Is there another way to combat his behaviour? 

Thanks


----------



## 912142 (Mar 28, 2011)

If I were you I would take him for a stroll and occupy his mind. It will get easier in time.


----------



## Yellie88 (Aug 25, 2011)

he's not had his 2nd injection yet so he'll be housebound for another wee while yet. I hope this will calm down when we can get him out for a good walk.


----------



## wyntersmum (Jul 31, 2011)

it will get easier when your able to get him out, its like having a toddler they get board stuck in the house all day. you prob already do play with him i found when Colin gets like that i have an old slipper and a pull rope and we have a mad half hour together with my little girl. he loves to rag lol. wait till he gets to the "teenage years" and the strops come on


----------



## 912142 (Mar 28, 2011)

Yellie88 said:


> he's not had his 2nd injection yet so he'll be housebound for another wee while yet. I hope this will calm down when we can get him out for a good walk.


Yes this can be a bit of a problem but you could have a play around in the garden with a ball or similar - not sure what breed your dog is - I have large breed and I never play any sort of tug games with my pups or you could simply give him a marrow bone to knaw on - that will certainly keep him occupied for sometime and will tire him out!


----------



## Sled dog hotel (Aug 11, 2010)

Yellie88 said:


> me again folks, just a quick one, alfie has mad half hours now and again where he bites my feet, hands, rips at my couch etc. I tell him no in a very firm voice, doesn't work, so I often give him a "time out" , where I put him in the kitchen and ignore him till he calms down. Only problem is he barks really loudly, howls, scratches the door and becomes destructive. And quite simply, does not calm down at all!!
> 
> Is there another way to combat his behaviour?
> 
> Thanks


Ive found they can get to a point that they literally cant calm down themselves they hype up so far or some can. Ive always found the best way is time out, any attention you give whilst they are like it can inadvertently reward the behaviour and make them more likely to do it. Sometimes naughty behaviour is a way to get attention in the fist place, then it just gets out of hand. Any reaction from us can reward it. Puppies can get over tired even sometimes and then they can do it.

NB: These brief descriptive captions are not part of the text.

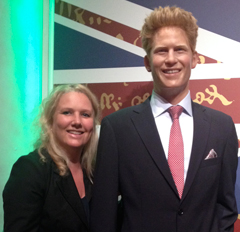 Prince Harry fights elephant poaching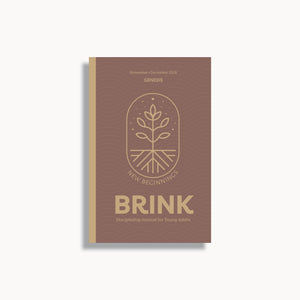 Brink Discipleship Journal - Young Adult Nov/Dec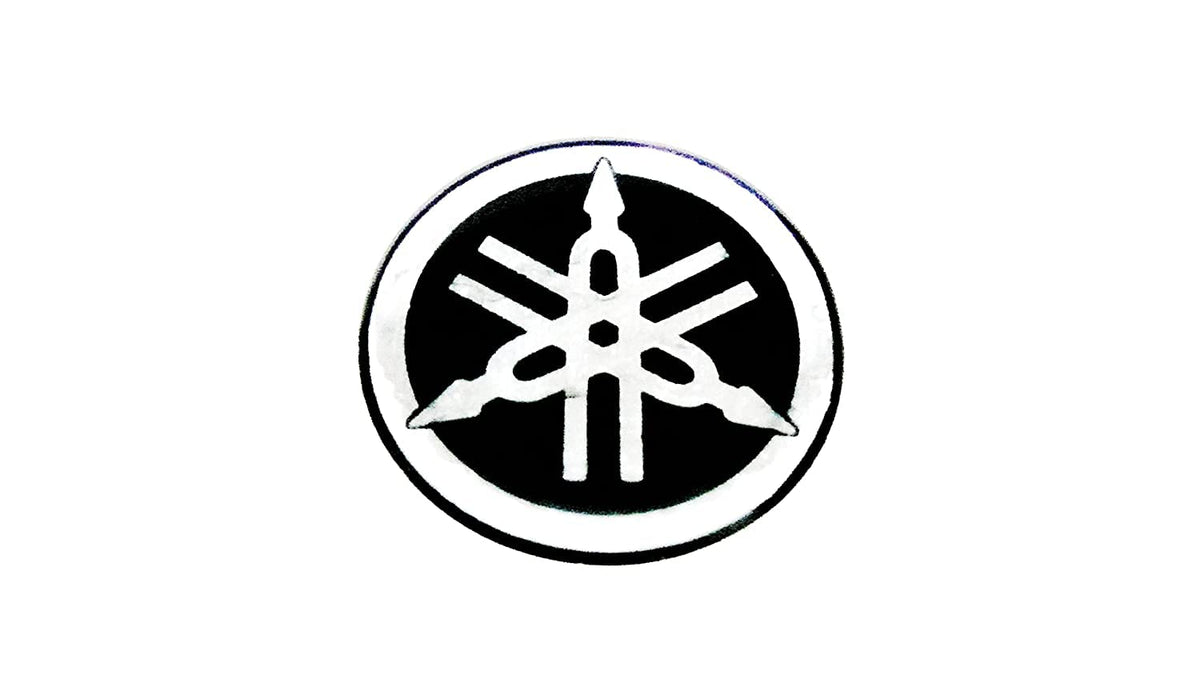 Road Religion Logo Stickers/Decal - Set of 4 Different Sizes Yamahaa Logo Stickers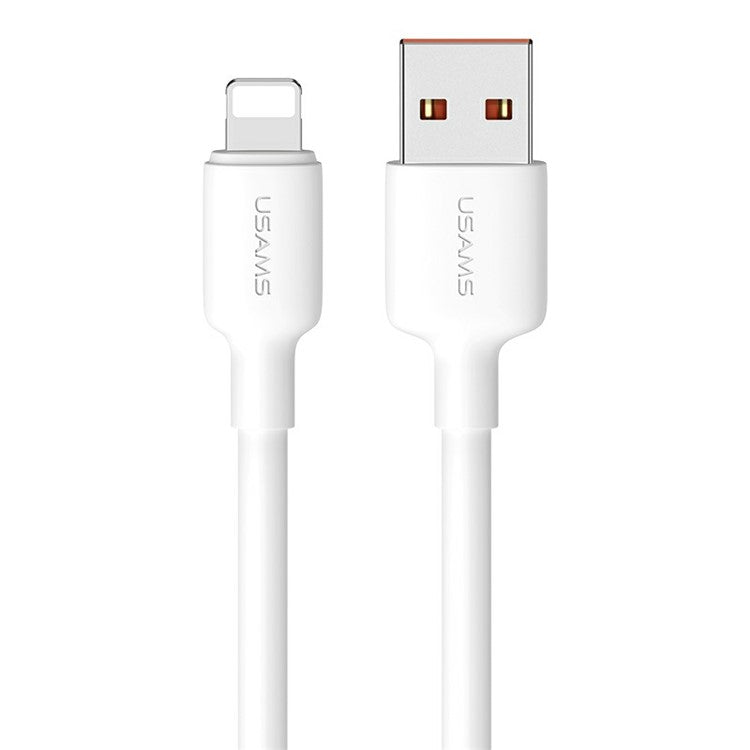 USAMS US-SJ604 U84 1m 2.4A Lightning Charging Cord USB to Lightning Data Cable for iPhone, iPad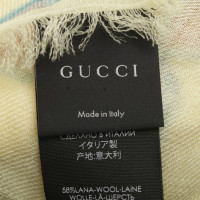 Gucci Tuch mit floralem Muster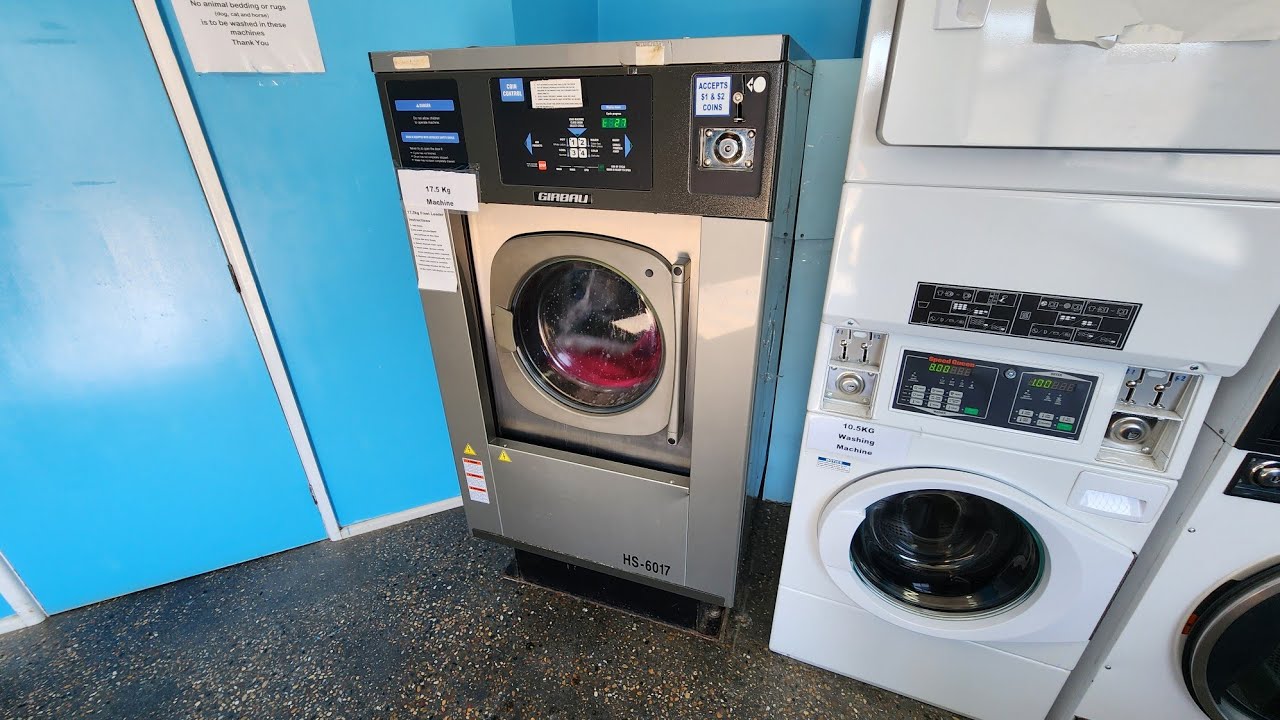 Using a GIRBAU HS-6017 Washing Machine & a Speed Queen SAT30NLCJ2G2W01 Tumble Dryer
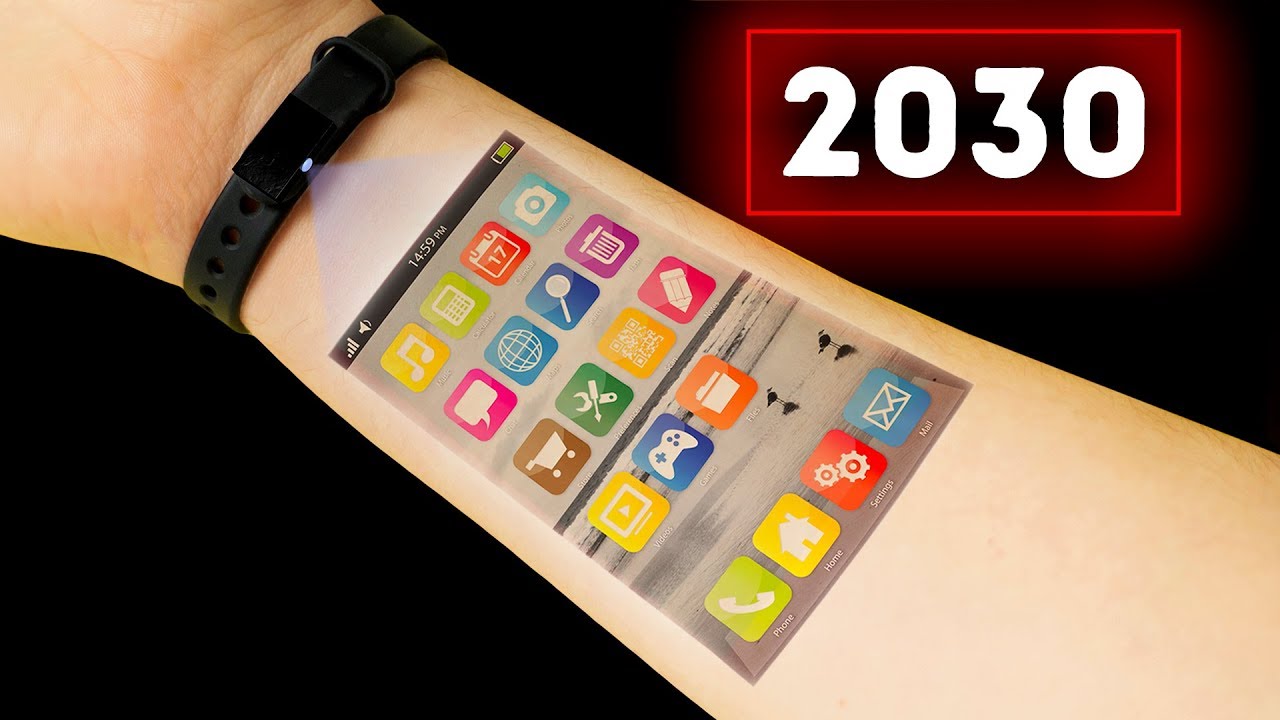 Aquí será tu teléfono inteligente en 2030 YouTube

It might be that he is getting too far into the behaviour before you are trying to rectify it with the time out. Try putting him out before it gets really wild. First sign he is possibly starting to get hyper, put him out then. Chewing is a good de stresser for dogs, perhaps put him out with a chew or a stuffed Kong. That way he has something to take it out on, and wind himself down.

Has he got access to you all the time you are there? As mentioned sometimes they can get over tired too and bad behaviour starts. You could also try building into his routine periods of rest, by giving him periods on his own with a chew or Kong, after he has had play sessions.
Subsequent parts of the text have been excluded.